Он пришел в «Магазин подержанных автомобилей» Полоумного Люка в надежде продать эфирное время.
– Ага, – выдавил Шарпштайн, ковыряя в зубах серебряной зубочисткой. На нем были серые свободные брюки и рубашка лимонно-желтого цвета. Как и у всех торговцев подержанными машинами на Западном побережье, кожа у него была обожжена солнцем докрасна и досуха, а на носу и вокруг него шелушилась. – А мы тут все ждем, когда это вы наконец объявитесь.

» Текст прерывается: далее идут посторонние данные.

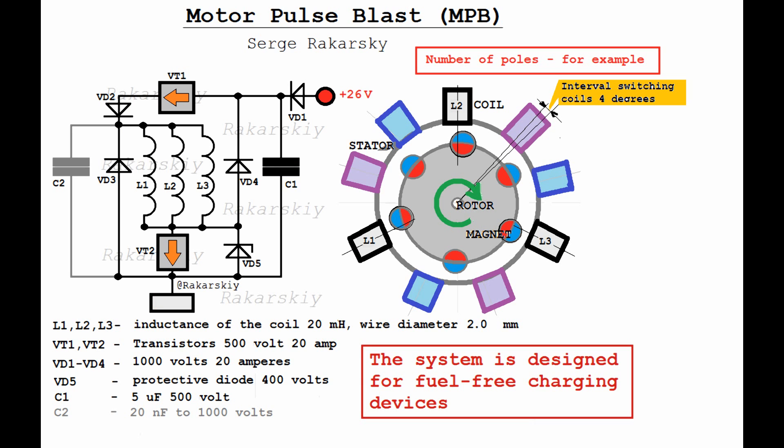The system has a 500-volt capacitor of 5 µF, and a limiting diode at 400V which does not allow the capacitor to charge above 400 volts. Three coils are connected in parallel between transistors for switching in a half-bridge configuration. Diodes set the path of the current pulse and self-inductance when transistors switch on and off. The diode prevents self-inductance from feeding back into the battery. Coils are 20 mH, with copper wire of not less than 2 mm in diameter.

Они прогуливались среди автомобилей.
– Машины у вас – прямо загляденье, – отметил Посин.
– Все чистые, – похвастался Шарпштайн. – Все до одной. Как новенькие.
– Вы ведь и есть Люк?
– Да, это я.
– Не хотели бы разместить рекламу в эфире? – С этим он, собственно, и пришел.
Потирая скулу, Шарпштайн поинтересовался:
– Какой охват у вашей радиостанции?
Посин назвал цифру вдвое больше реальной. Времена тяжелые – скажешь что угодно. Клиентов уводило телевидение, осталось разве что пиво «Ригал Пейл» да сигареты «L&M» с фильтром. Независимым АМ-радиостанциям приходилось несладко.
– У нас идет несколько роликов на телевидении, – сказал Шарпштайн. – Результаты неплохие, но дорого, это факт.
– И стоит ли платить, чтобы вещали на весь север Калифорнии, покупатели-то ваши здесь, в Сан-Франциско?
Это был веский аргумент. Благодаря тысячеваттной мощности станция «КОИФ» охватывала такую же аудиторию в Сан-Франциско, как сетевые АМ-радиостанции и телевидение, но за гораздо меньшие деньги.
Они добрели до офиса. Сев за стол, Посин набросал в блокноте расценки.
– Ну что ж, неплохо, – сказал Шарпштайн, закинув руки за голову и положив ногу на стол. – А скажите-ка мне вот что. Мне, признаться, вашу станцию никогда не приходилось слышать. У вас есть что-нибудь вроде расписания?
«КОИФ» начинала вещание в пять сорок пять утра с новостей, прогноза погоды и «Ковбойских песен».
– Нормальненько, – кивнул Шарпштайн.
Потом пять часов популярной музыки. Новости в полдень, еще два часа музыки в том же духе – разные записи. Затем «Клуб 17», детская рок-н-ролльная передача – до пяти. После нее час на испанском языке – оперетта, беседы, аккордеонная музыка. С шести до восьми – музыка для ужинающих. Затем…
– Короче, – перебил его Шарпштайн, – обычный набор.
– Сбалансированная программа передач.
Музыка, новости, спорт, религия. И рекламные паузы. С этого радиостанция и жила.
– А я бы вот чего предложил, – сказал Шарпштайн. – Как насчет того, чтобы поставить рекламу каждые полчаса с восьми утра до одиннадцати вечера? Тридцать минутных вставок в день, семь дней в неделю.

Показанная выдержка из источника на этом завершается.